1. Import Required Libraries
Create a new Python script, e.g., gesture_recognition.py
, and import the necessary modules:
import cv2
import mediapipe as mp
import time
mp_hands = mp.solutions.hands
mp_draw = mp.solutions.drawing_utils
2. Initialize the Camera
cap = cv2.VideoCapture(0)
with mp_hands.Hands(min_detection_confidence=0.7, min_tracking_confidence=0.7) as hands:
while cap.isOpened():
success, frame = cap.read()
if not success:
break
# Convert frame to RGB
frame_rgb = cv2.cvtColor(frame, cv2.COLOR_BGR2RGB)
# Process the frame
results = hands.process(frame_rgb)
# Draw hand landmarks
if results.multi_hand_landmarks:
for hand_landmarks in results.multi_hand_landmarks:
mp_draw.draw_landmarks(frame, hand_landmarks, mp_hands.HAND_CONNECTIONS)
# Show the output
cv2.imshow("Gesture Recognition", frame)
if cv2.waitKey(1) & 0xFF == ord('q'):
break
cap.release()
cv2.destroyAllWindows()
3. Explanation of Code
- The script captures frames from the camera.

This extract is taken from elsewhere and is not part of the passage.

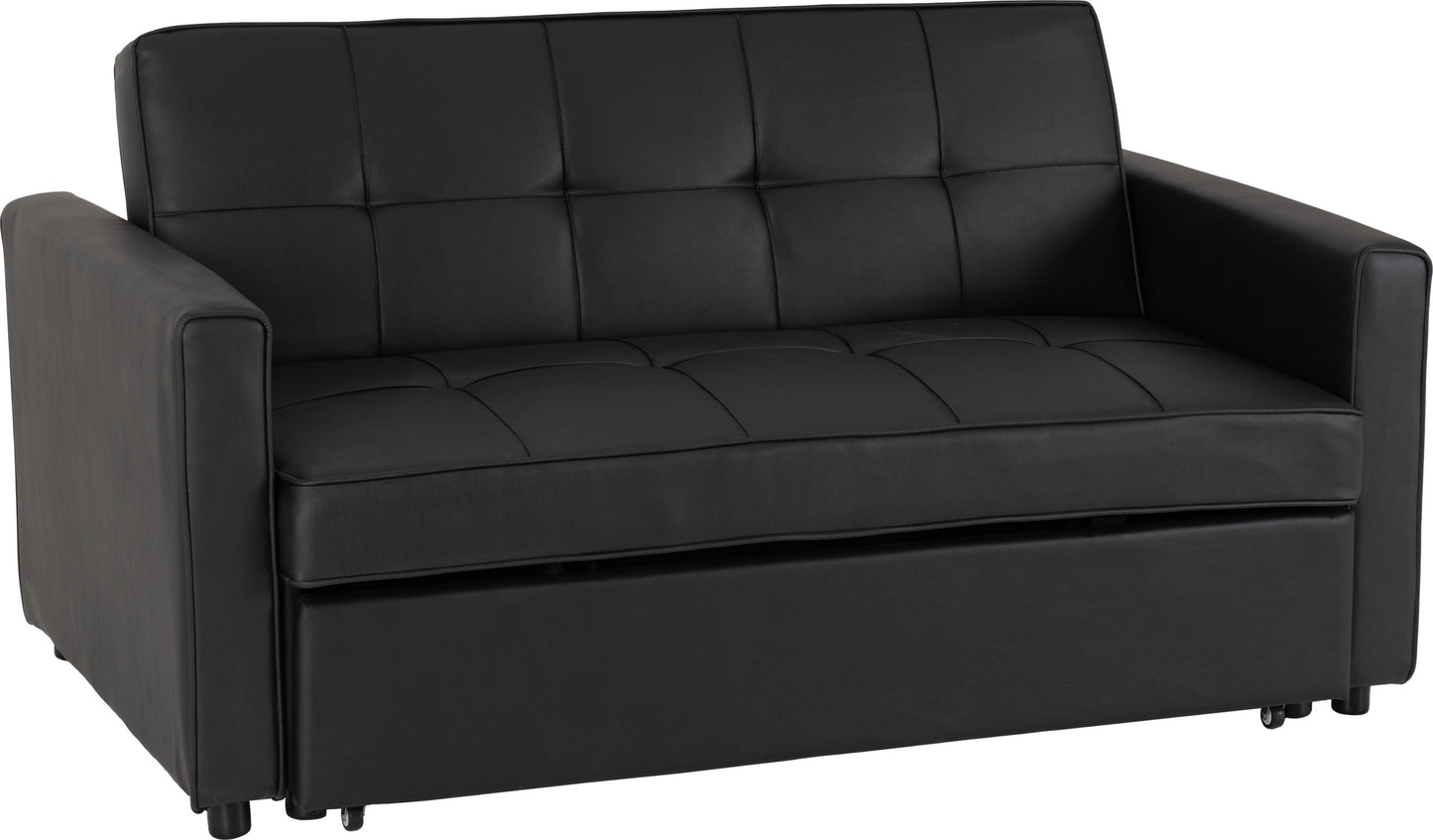 ASTORIA SOFA BED - BLACK FAUX LEATHER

- Converts the frame from BGR to RGB (required by MediaPipe).
- Passes the frame through the MediaPipe Hands module.
- Draws detected hand landmarks on the video feed.
- Press ‘q’ to exit.
Step 5: Recognizing Specific Gestures
To recognize specific gestures (e.g., thumbs-up, open palm, etc.), analyze landmark positions:
if results.multi_hand_landmarks:
for hand_landmarks in results.multi_hand_landmarks:
index_finger_tip = hand_landmarks.landmark[mp_hands.HandLandmark.INDEX_FINGER_TIP]
thumb_tip = hand_landmarks.landmark[mp_hands.HandLandmark.THUMB_TIP]
# Example: Detect Thumbs-Up
if thumb_tip.y < hand_landmarks.landmark[mp_hands.HandLandmark.WRIST].y:
print("Thumbs Up Detected!")
Step 6: Running the Script
Run the Python script using:
python3 gesture_recognition.py
Conclusion
You have successfully installed MediaPipe on a Raspberry Pi and implemented a basic gesture recognition system using the Hand Tracking module. You can extend this by:
- Recognizing more complex gestures.
- Using the Face Mesh or Pose Estimation modules.
- Controlling devices (like LEDs or motors) based on gestures.
Happy coding with IoT and AI!